All of this ‘invisibility’ is beginning to nag at me psychologically. At some point I will perhaps get pushy and demands sight of my own results, but for now I’m trying to be likeable and to ‘play the game.’

Those suffering depression often speak of the ‘black dog.’ Sometimes it’s not a dog but another animal. Some give their animal a name, they draw it, they personify it. This is a known technique to help some people deal with and manage their depression. Another condition that you can neither touch nor see.

I have therefore decided to give my cancer its own physical face.


I haven’t quite settled on a name yet, but this creature is now (in my world) the physical embodiment of my cancer and my fight against it. Huge disclaimer. This is in fact a jellyfish hat, probably best suited to my ever-expanding fancy-dress collection. He looks nothing like a cancer cell or indeed anything medical, but I was drawn to him. In my head is it definitely a ‘him.’ (Channelling my inner feminist)

Until named (very open to suggestions here?) I’m going to call him, Grim.

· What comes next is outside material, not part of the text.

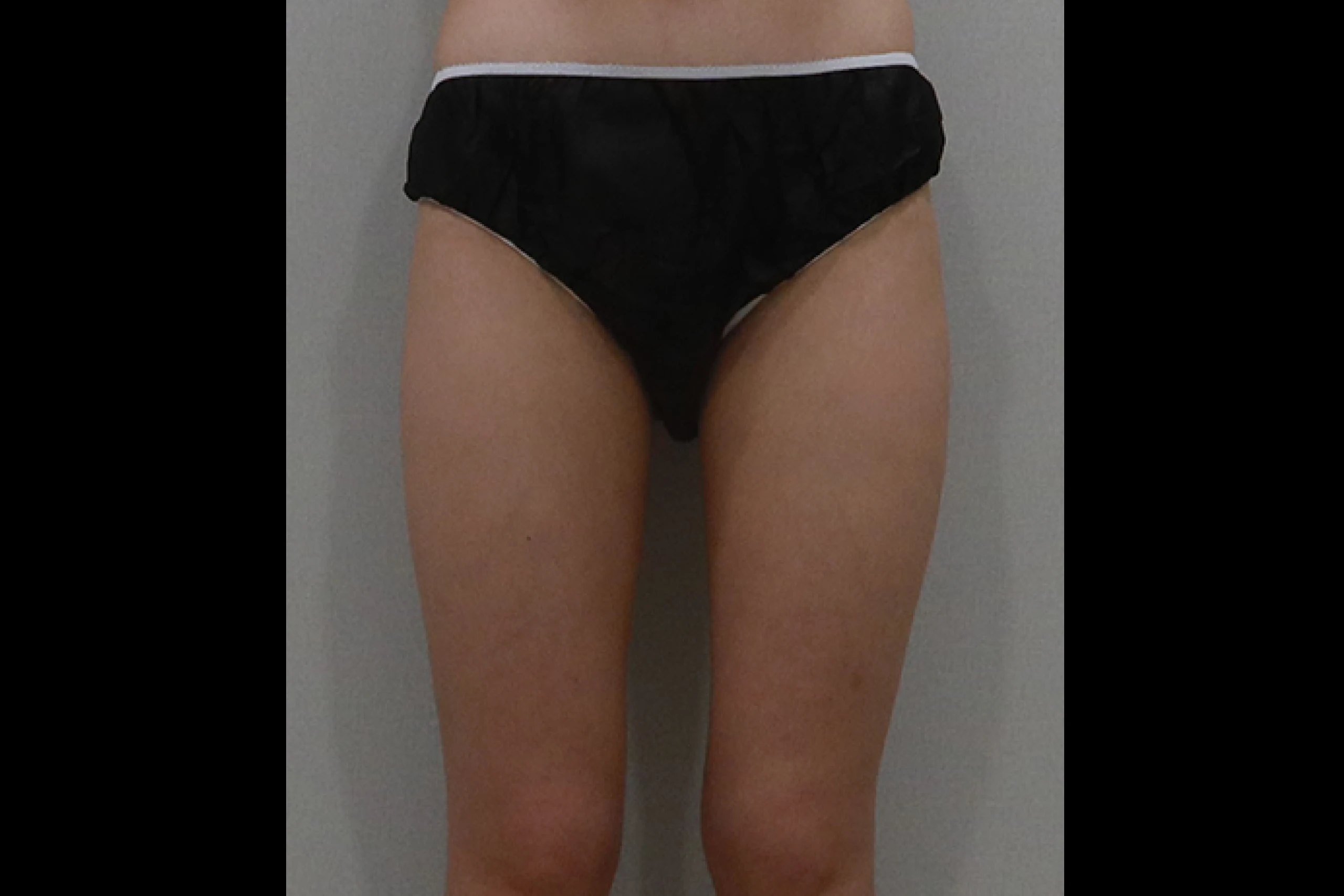 Frontal view before lower body fat reduction procedure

Grim is not a proper name, but it’s a good description of how I feel about cancer. I don’t like having cancer, therefore I don’t like Grim. The good thing about Grim is that I can see him, I can feel him. If I want to I can shout at him, punch him, kick him across the room, throw him out the window, cry at him…and maybe, just maybe, one day I will be able to escort him to the bonfire and say goodbye to him forever. But that day exists only a shimmering mirage at the moment.

For now, Grim is going to be living in my house. Owing to the nature of toddlers and their curiousity I suspect Grim is going to go walkabouts and surprise me by appearing in random places. But that’s ok. The nature of cancer is that the emotions and awareness of this often unseen condition leap up to ambush you at unexpected moments. You think you’re doing fine, you’re functioning semi-normally, you’re distracted putting the kids coats and shoes on then ‘Wham.’ A Macmillan book on the hall table is an unwelcome reminder of my diagnosis.

So it will be with Grim. Perhaps he’ll emerge from under the kitchen table one morning at breakfast perched on my son’s head? Maybe he’ll pop up in the bathroom during my morning shower as a hand puppet? Or perhaps he’ll be brought to the front door by my faithful, present-bringing spaniel when I return from a shopping trip. For now, he’s going to be an omnipresent character in my household, the physical embodiment of my cancer.

Oddly the fact that I can see him and touch him makes me happier. Grim makes me more at peace with my cancer and the (currently) verbal-only fight which has yet to begin physically.


So I say, welcome Grim. Let the battle commence.